Esse é para quem gosta de arte underground e “música torta”, como eles mesmos dizem. O Exhale the Sound tem jeito e cara de vanguarda. É um evento independente que acontece há três anos em Belo Horizonte, reunindo pessoas que também pensam a vida de um jeito menos óbvio.

A edição desse ano teve shows de aquecimento no bar A Obra, com presença de bandas muito legais, inclusive meus amigos de Fortaleza, da Siege of Hate – S:O:H. O primeiro dia oficial de festival foi na Casa dos Jornalistas, região central de BH, com presença de bandas com estilos diversos, mas todos com algo em comum: fugir do esperado, do convencional, seja post rock, metal, grind, sludge, punk, pós punk e hardcore. O encerramento aconteceu em um sítio no bairro Jaqueline, região metropolitana de BH. Psicina, camping, espaço para arte e música em um ambiente para relaxar.
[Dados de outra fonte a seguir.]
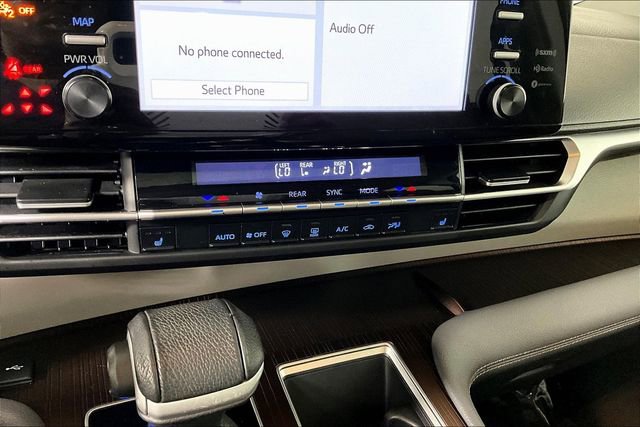 Used 2021 Toyota Sienna XLE image 33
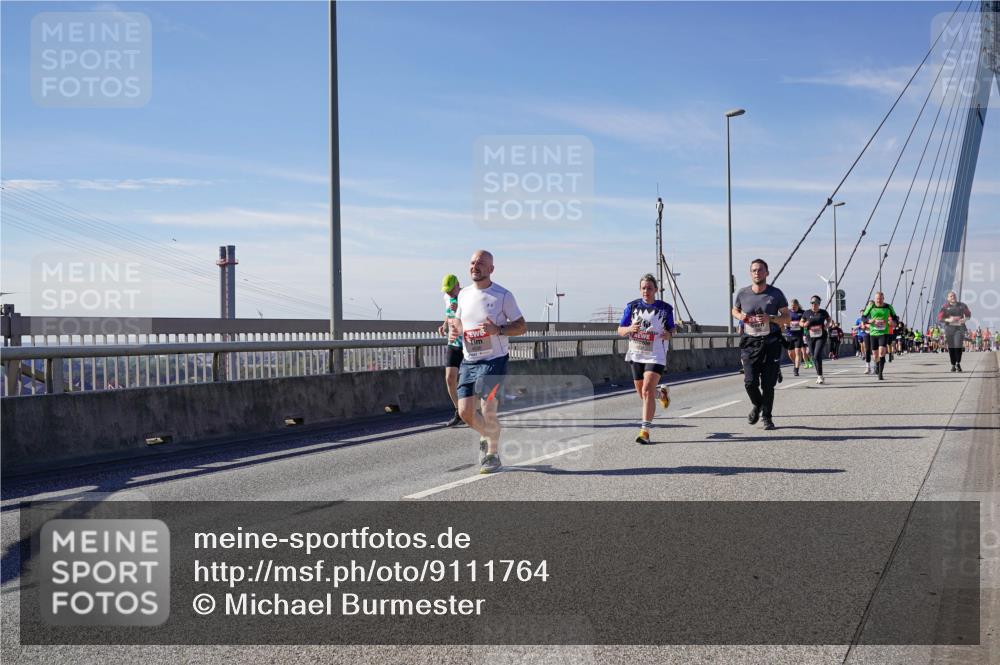 03.10.2025 - Köhlbrandbrückenlauf Michael Burmester http://msf.ph/oto/9111764 03.10.2025 12:54:00 Position 2  meine-sportfotos.de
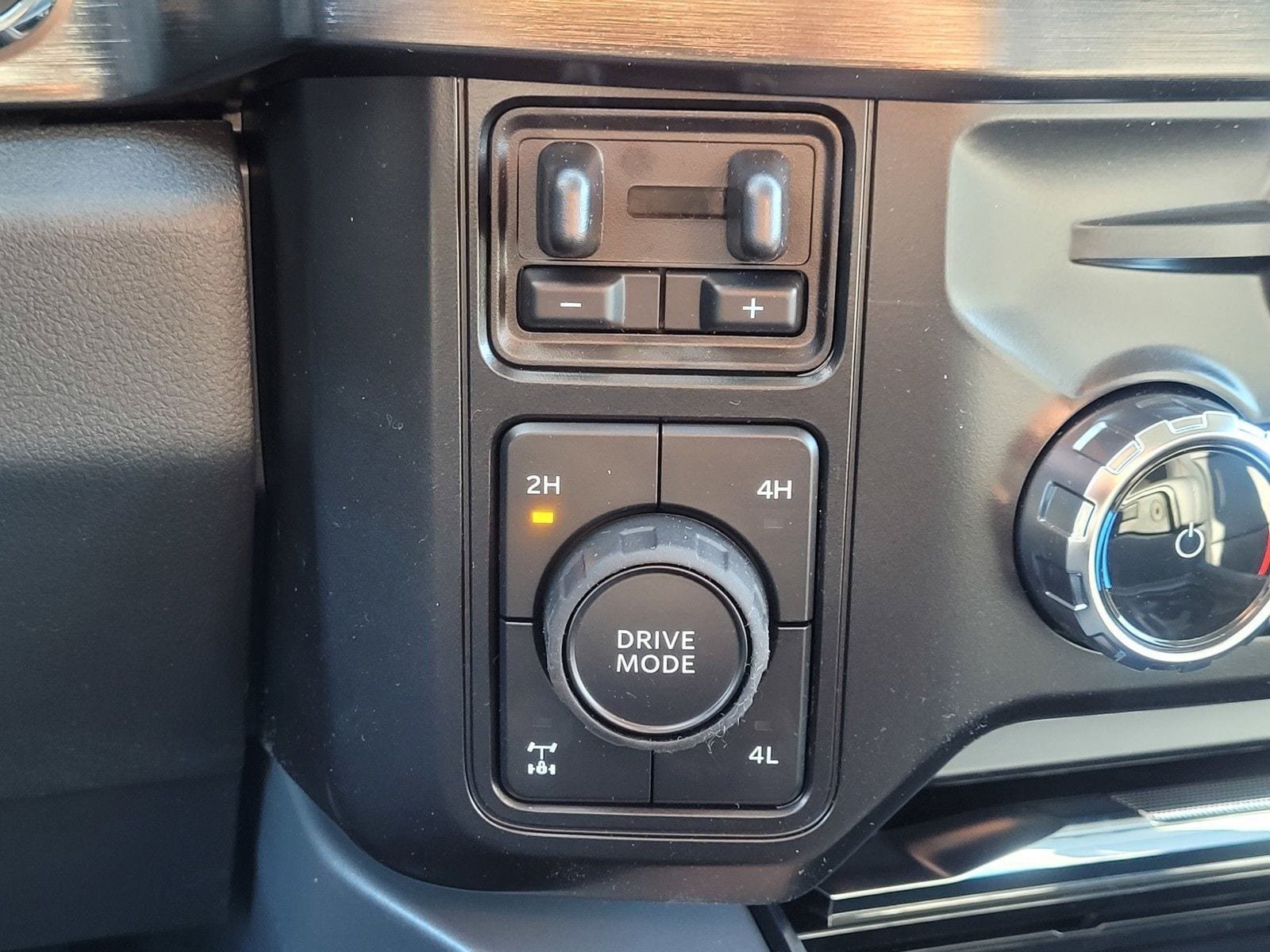 New 2026 Ford F250 4x4 Crew Cab Super Duty image 25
Apesar do tom um pouco “asséptico” que o ETS tem em relação aos outros festivais que citei acima (muito mais pela escolha dos locais de realização), ele não é menos interessante. Principalmente pelos espaços de trocas político-ideológicas que ele proporciona. Por exemplo, havia uma intervenção de arte feminista ao lado dos banheiros “masculino” e “feminino” durante o dia de festival no sítio. Havia também cartazes sobre a luta feminista na Casa dos Jornalistas e vários zines, entre eles, um que tratava do assunto. Ora! Não é novidade para ninguém que, no geral, a subcultura do heavy metal e seus subgêneros musicais é misógina e machista. Mas no ETS percebi que existem esperanças para que isso se torne diferente. Luma Brant, artista responsável pela instalação fez um ótimo e inspirador trabalho.

feminista

Além dessa ótima experiência política, também é preciso destacar a admiração e felicidade pelos encontros artísticos proporcionados. Havia muitas obras legais mas, preciso dizer sobre meu encontro com Pedro Felipe. Esse artista muito foda simplesmente desenhou a capa de uma das minhas bandas preferidas, a americana Christian Mistress. O Pedro é um rapaz de sorriso largo e talento evidente. Basta dar uma olhada aqui na loja dele, para você ver a pequena parte da produção. Já sei que, quando eu tiver uma parede para chamar de minha, ela vai ter desenhos dele. Pedro faz parte daqueles artistas que Zbigniew Bielak falava que estão sedentos por desenhos que sejam feitos à mão, como uma forma de resistência à ditadura dos softwares.

Artes arquivo pessoal Pedro.
Artes arquivo pessoal Pedro.

Além de Pedro, teve também as obras de Júnior Cruz, que muito me impressionaram. Júnior eu não encontrei, pessoalmente. Mas já trocamos ideias nas redes sociais e ele foi muito massa. Seus desenhos de serigrafia e seus zines são objetos bem interessantes. Vale a pena conferir o trabalho dele. Veja mais aqui nesse portifólio.